文:尾形聡子
もともとは長かった鼻が短くなるように人が選択繁殖していった結果、極端に短い鼻を持つようになった短頭種の犬たちは、その骨格の変化に伴って呼吸が困難になったり熱放散がしにくくなったりといった特有の健康問題を抱えるようになりました。それらの健康問題は短頭種にとって、はたして “正常”なことなのでしょうか?イギリスの王立獣医カレッジ(ロンドン大学)の研究者らは短頭種の犬の健康と飼い主の意識調査をした結果を『Animal Welfare Journal』に発表しました。
短頭犬種は、気道閉塞症候群(brachycephalic obstructive airway syndrome:BOAS)と呼ばれる鼻孔狭窄症や軟口蓋過長症などいくつもの病気が合併して起こる、上部気道が閉塞する疾患に罹る可能性が高いとされています。雑音が混ざった苦しそうな呼吸、短い散歩でも呼吸困難になったり体温が急上昇するといった症状が見られます。適切な治療を受けずにいると悪化していき、酷いケースになると、常に呼吸困難な状態になって酸欠のために倒れることもあるといいます。

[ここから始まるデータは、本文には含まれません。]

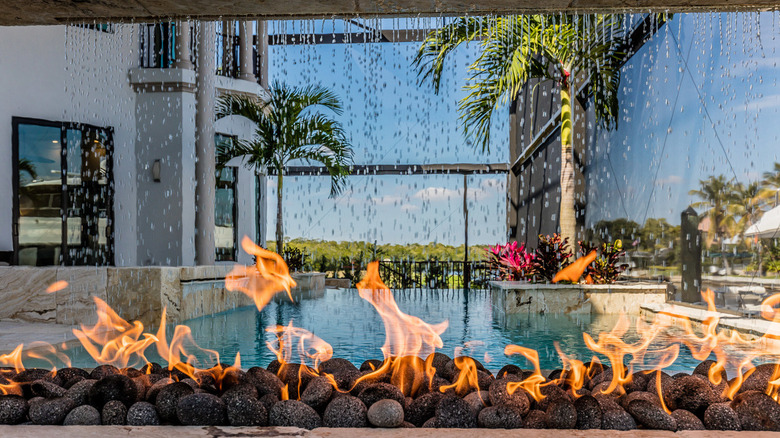 firepit poolside with waterfall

調査の対象となったのは、パグ、ブルドッグ、ペキニーズ、フレンチ・ブルドッグ、ボストン・テリア、ボルドー・マスティフ、キャバリア・キングチャールズ・スパニエルとこれら短頭種のミックス犬たち285頭とその飼い主。そのうちの31頭の犬が、気道閉塞症候群に罹っていると診断されました。また、犬の重度な臨床的兆候と、飼い主の犬の呼吸問題に関する認識不足とに大きなかかわりがあることが分かったそうです。
気道閉塞症候群に罹っているすべての犬はいびきをかき(罹っていない犬は2%未満)、3分の2の犬が日々の運動で呼吸困難を示すということが飼い主への調査で明らかになりました。にもかかわらず、気道閉塞症候群に罹っている犬の飼い主の58%が、現在も過去にも犬に呼吸問題はないと述べていました。

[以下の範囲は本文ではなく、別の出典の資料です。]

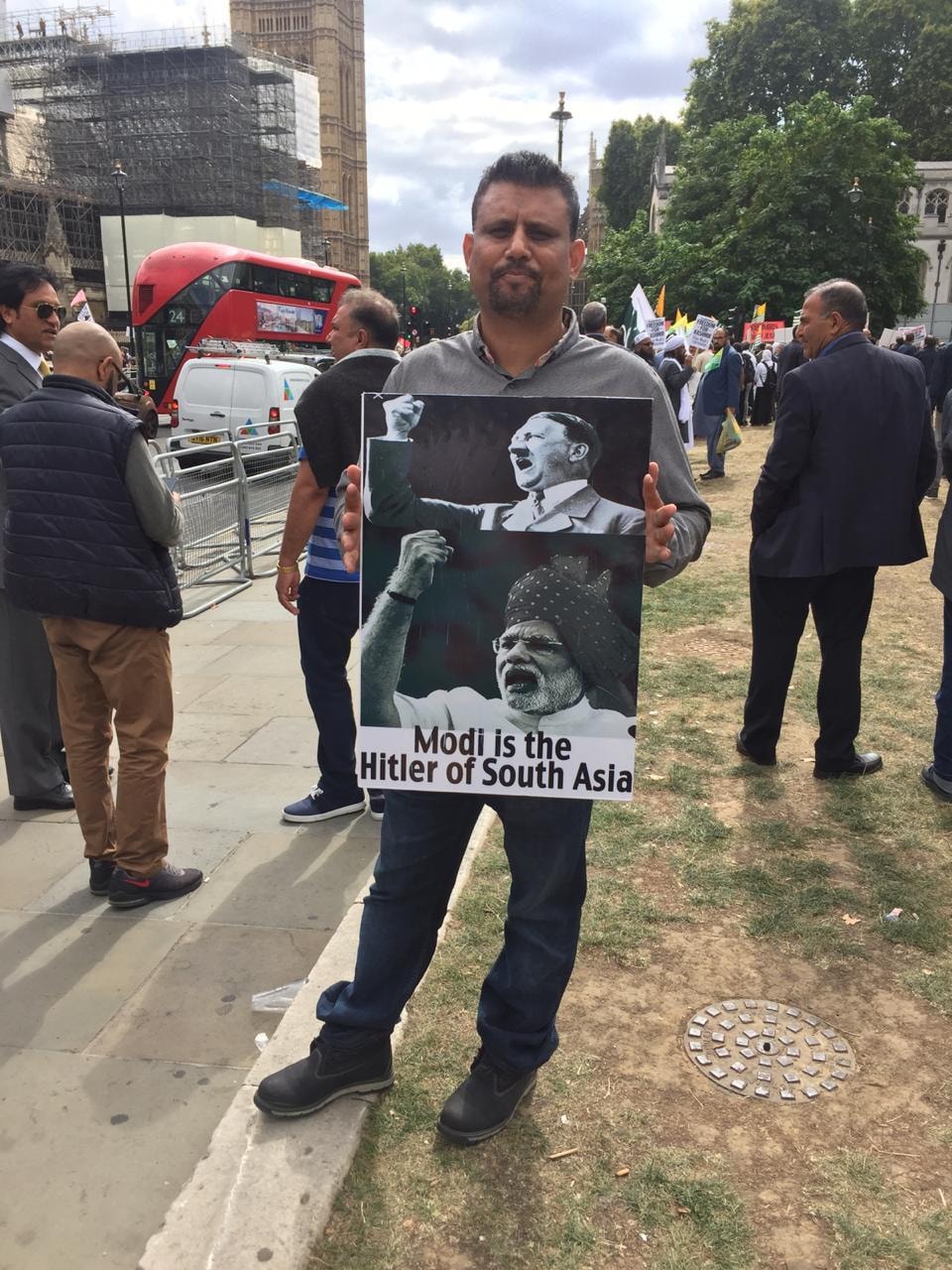 A protester carries a placard inscribed with a slogan equating Modi with Hitler. — Photo by Atika Rehman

気道閉塞症候群に罹っている犬の飼い主の半数以上が、犬の慢性的な呼吸問題を問題として認識していなかったことについて、研究者は、短頭種の飼い主は短頭種に起こりがちな呼吸障害の兆候を”正常”として片づけてしまい、大目に見てしまっていることを示す結果だといっています。短頭種の呼吸問題はあまりにも一般的に見られるために、ある意味”正常”だと考えられてしまいがちなのかもしれません。
気道閉塞症候群に罹ると、犬が犬として楽しんで生活するための運動や遊び、食餌、睡眠などが充分にできなくなってしまう可能性が高まる、つまり、病気が酷くなればなるほど犬たちの QOL (生活の質)は低くなっていきます。それが飼い主の、犬の病気やその症状についての情報や認識不足から起きているケースは、ここ日本でもあると思います。ブリーダーの方々が、短頭種の健康を取り戻す方向への繁殖を考えていくことはもちろんですが、今を生きている犬たちの健康を守っていくには、飼い主側の意識を高めていくことがとても大切です。そしてそれが、将来産まれてくる犬たちの健康促進へも繋がっていくのではないかと思っています。